Treating the Underlying Causes
If it's caused by another, underlying condition, the best way to stop thinning hair is to deal with that problem first to eliminate the side effects. For example, eating more important nutrients like protein, iron, and vitamins A and D can often help restore your hair's health. Medical conditions such as diabetes, thyroid disease, and seborrheic dermatitis may cause hair-related problems, so it's important to see a medical professional. Thinning hair is only one side effect of these conditions, and the proper treatment may improve your overall health as well as your appearance. Hair loss cases caused by prescription medications may be treated by either eliminating the medication or lowering the dosage.
Some types of hair loss is caused by the way the hair is styled. Women who regularly wear their hair tightly pulled back from the scalp in braids or pony tails can develop traction alopecia. In this condition, the hair no longer grows in some areas, particularly at the temples and sides of the head. If caught early, changing the hair style to no longer pull is the best treatment, although some medications may also help.
A number of medications have helped many people regrow their hair. Over-the-counter hair treatment products containing a minoxidil liquid solution are available for both men and women. Men who suffer from thinning hair may see results with the prescription medication finasteride, but it does have serious possible side effects, including erectile dysfunction. Some studies have shown that ketoconazole, an anti-fungal medication, may also help regrow hair, but it has not been approved in the US for this treatment. Prescription-based corticosteroids injections, pills, or creams may help reduce inflammation in the scalp, which can cause thinning hair. Most of these methods require continual use, since any improvement will often be reversed after treatment stops.
A number of natural substances have also been used to treat many body and health-related issues, including alopecia. Tea tree oils, vegetative dyes, egg yolks, chamomile, rosemary, honey, oak, and wheat grass are all promoted as treatments for thinning hair.

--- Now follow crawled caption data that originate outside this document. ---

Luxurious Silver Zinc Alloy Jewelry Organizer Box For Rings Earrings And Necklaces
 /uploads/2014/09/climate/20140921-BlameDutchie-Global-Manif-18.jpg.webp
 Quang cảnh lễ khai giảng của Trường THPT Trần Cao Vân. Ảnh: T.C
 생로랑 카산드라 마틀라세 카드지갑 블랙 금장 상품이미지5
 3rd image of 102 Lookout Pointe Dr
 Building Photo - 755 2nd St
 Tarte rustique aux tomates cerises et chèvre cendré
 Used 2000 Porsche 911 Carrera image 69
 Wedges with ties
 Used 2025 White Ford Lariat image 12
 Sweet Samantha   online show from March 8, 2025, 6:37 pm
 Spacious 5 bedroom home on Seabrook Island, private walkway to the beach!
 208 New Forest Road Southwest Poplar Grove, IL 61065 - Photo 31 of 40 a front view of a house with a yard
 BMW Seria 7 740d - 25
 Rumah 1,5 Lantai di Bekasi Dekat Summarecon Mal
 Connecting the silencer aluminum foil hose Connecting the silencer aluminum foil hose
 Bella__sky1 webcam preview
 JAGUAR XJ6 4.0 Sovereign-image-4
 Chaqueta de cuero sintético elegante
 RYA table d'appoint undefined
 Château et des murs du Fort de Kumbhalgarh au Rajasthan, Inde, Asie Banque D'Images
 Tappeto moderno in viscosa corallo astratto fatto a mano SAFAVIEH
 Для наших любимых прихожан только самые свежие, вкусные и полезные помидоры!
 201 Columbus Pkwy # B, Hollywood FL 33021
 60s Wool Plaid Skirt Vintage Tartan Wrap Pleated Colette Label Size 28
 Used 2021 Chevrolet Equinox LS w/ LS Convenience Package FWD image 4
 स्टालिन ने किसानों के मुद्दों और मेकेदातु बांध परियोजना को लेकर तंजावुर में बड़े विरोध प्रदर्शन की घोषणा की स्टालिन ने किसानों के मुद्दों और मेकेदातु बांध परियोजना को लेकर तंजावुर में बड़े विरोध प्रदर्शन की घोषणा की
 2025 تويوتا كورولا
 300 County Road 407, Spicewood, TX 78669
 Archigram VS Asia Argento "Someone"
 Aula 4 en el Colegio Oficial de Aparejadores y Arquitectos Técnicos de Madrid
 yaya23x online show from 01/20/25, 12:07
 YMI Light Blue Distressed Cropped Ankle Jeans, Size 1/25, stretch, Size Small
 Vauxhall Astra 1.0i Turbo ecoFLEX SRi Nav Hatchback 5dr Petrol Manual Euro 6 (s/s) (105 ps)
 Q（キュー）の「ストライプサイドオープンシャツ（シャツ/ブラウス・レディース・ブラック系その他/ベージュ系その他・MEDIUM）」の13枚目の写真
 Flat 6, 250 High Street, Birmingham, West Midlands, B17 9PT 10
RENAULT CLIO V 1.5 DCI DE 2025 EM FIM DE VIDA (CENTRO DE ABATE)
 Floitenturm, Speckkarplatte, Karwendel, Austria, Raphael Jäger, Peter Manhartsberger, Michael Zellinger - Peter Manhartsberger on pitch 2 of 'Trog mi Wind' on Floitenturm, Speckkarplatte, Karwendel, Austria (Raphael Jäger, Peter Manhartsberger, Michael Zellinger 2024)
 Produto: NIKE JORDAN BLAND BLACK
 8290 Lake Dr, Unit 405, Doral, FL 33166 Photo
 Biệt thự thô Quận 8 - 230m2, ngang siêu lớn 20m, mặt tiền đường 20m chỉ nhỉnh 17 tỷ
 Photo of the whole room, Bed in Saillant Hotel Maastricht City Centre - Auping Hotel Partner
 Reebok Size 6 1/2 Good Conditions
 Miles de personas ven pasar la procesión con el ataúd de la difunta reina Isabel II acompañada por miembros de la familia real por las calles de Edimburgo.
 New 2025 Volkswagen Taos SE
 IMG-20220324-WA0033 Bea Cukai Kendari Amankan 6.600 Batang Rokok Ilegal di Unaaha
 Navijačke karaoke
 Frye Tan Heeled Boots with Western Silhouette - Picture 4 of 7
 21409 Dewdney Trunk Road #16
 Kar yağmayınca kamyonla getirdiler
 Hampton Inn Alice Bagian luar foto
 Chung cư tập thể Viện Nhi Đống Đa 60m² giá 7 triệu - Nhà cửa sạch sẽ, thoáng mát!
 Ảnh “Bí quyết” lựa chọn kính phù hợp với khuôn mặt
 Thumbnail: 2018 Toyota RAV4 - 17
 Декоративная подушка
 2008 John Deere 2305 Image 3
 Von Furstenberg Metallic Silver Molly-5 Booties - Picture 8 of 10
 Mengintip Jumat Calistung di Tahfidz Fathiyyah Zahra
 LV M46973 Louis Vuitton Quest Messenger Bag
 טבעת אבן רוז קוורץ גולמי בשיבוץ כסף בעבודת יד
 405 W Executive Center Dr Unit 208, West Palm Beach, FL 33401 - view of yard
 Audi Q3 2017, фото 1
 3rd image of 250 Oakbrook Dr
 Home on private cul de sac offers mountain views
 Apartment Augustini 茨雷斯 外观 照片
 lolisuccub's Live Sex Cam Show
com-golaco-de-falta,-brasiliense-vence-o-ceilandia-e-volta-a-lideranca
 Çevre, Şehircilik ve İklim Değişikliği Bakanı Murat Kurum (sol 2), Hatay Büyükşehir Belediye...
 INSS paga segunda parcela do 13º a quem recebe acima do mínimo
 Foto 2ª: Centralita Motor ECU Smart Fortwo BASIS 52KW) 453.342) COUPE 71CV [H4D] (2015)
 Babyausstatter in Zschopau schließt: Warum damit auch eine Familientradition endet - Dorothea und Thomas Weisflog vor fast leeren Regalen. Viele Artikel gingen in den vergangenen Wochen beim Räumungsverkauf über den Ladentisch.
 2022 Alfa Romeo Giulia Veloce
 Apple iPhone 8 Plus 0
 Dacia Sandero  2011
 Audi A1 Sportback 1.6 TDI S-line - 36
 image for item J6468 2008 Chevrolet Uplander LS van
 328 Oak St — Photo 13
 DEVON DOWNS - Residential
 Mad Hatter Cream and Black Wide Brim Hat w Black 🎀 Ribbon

There are few scientific studies to support the claims for most of these treatments, but they are unlikely to have serious side effects. Proponents usually advise applying some of these substances to the hair, allowing them to sit for some time, then using a gentle shampoo or simply rinsing them out.
Hair Care Changes
Low quality shampoos, conditioners, and styling aids may cause hair breakage that can sometimes be mistaken for hair loss. Some products may contain harsh ingredients like sulfate and alcohol that are damaging, while excessive hair washing and heat from styling irons can further damage hair strands. Chemical styling products, like hair relaxers, can also weaken the hair and cause it to thin. Switching to salon-quality hair care products rich in moisturizers might be a worthwhile investment, as can finding a hairstyle that works with your hair's natural texture. In addition, if you possess naturally thin hair, you may try a volumizing shampoo that will coat your hair strands and give your hair more body.
You may want to consider hair transplants and scalp reduction surgery as a treatment option if nothing else works. These methods are often expensive, painful, and may carry serious risks, however. Many experts will only recommend surgery if other treatment methods have failed and if you feel your quality of life is substantially impacted.